# My First ever project...ever



## Flamingsupernova (May 22, 2007)

Hey whats up.
I'm a pretty young guy, and this is my first ever project.
Ive been really excited about this for ages, and did alot of research into every area i could, someone might have seen me ask noobish questions around TPU sometime in the last month 

Here is what I'm planning to get:
...............................................................
Gigabyte Ga-N680SLi-DQ6
Intel E6700
Corsair 2gb Twin 6400C4 Pro memory (4-4-4-12)
2x W.D 160gb 7200rpm SATA2 HDD's in RAID 0
Gigabyte 8800gts
Logitech G5 gaming laser mouse
Logitech G15 Gaming Keyboard
................................................................

Any comments on my choices?
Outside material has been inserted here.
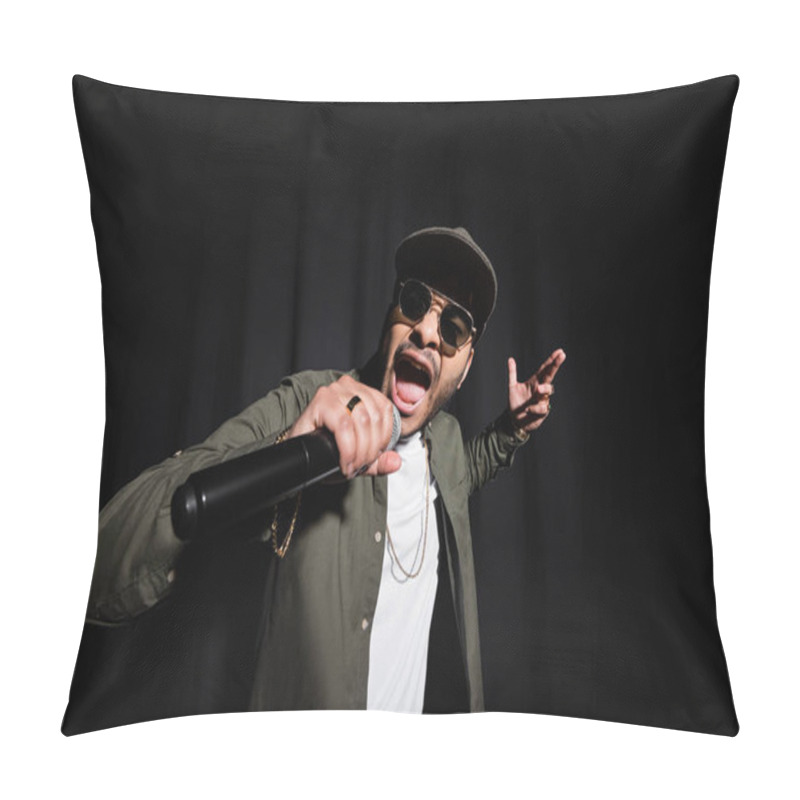 Personality  Indian Hip Hop Performer In Sunglasses And Cap Singing In Microphone On Black Pillow Covers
I've done alot of research on it, but i havent had too much experience on building new computers, and how to take the fullest advantage i can get over them.

Anything would be helpful, thanks.


----------



## Grings (May 22, 2007)

a single 320gb hard drive would probably be faster as they use higher density platters, and if i were to buy that high end mobo and chip, id spend the extra on pc8000 or faster ram, plus id go for an evga/bfg/xfx 8800gts, just for the longer warranties they offer

and dont skimp on the psu!


----------



## Flamingsupernova (May 22, 2007)

i dont think it supports faster RAM, im not to sure, as the new revisions should be coming shortly.
Why would i need a longer warranty? would it just be for safety, or are the 8800's known for breaking down/melting/exploding? 
oh yeah, whats a platter and why woulder higher density be better? would it also work as well as two that are working together?


----------



## Grings (May 22, 2007)

they do support faster ram, all (or at least nearly all) c2d motherboards do, as for a warranty, well its just reassuring thats all, there dosent seem to be any problems with 8800's though, if there was it would be common knowlege, and every forum would be chock full of ranting owners, and hard drives do seem to be higher speed the larger the platter (which is the actual hard disk itself, some drives use more platters than others for example my samsung is 250gb, which consists of 2x125gb platters each with its own read head (think record needle), wheras older drives used 3 or 4 platters to make up the full size)


----------



## Flamingsupernova (May 22, 2007)

does that mean you hypothetically have RAID 0 going the second you install? or am i just stupid.


----------



## Flamingsupernova (May 22, 2007)

what is a C2D board anyway?


----------



## Grings (May 22, 2007)

c2d = core 2 duo, like an intel e6700 ,lol


----------



## Wile E (May 22, 2007)

Grings said:


> a single 320gb hard drive would probably be faster as they use higher density platters, and if i were to buy that high end mobo and chip, id spend the extra on pc8000 or faster ram, plus id go for an evga/bfg/xfx 8800gts, just for the longer warranties they offer
> 
> and dont skimp on the psu!


A single 320GB is faster than the single 160GB, but not faster than 2 160GB drives in a RAID 0. My Seagate pulls 64MB/s in HDTach, but I'm usually beaten by even 2 80GB SATA drives in a RAID 0 on a decent controller.


----------



## Grings (May 22, 2007)

the guys not built before though, and raid can be an arse, for the price of 2 160gb wd's, id just get a samsung HD501LJ (500gb) theyre very quick, and very quiet, in a write up in custompc they were quicker than raptorx's at game level loading, and nearly as quick in their paintshop test


----------



## Flamingsupernova (May 27, 2007)

Any other comments at all?


----------



## Flamingsupernova (May 27, 2007)

what power should my PSU be, and does anyone know i the board supports DDR2 1066Mhz RAM?


----------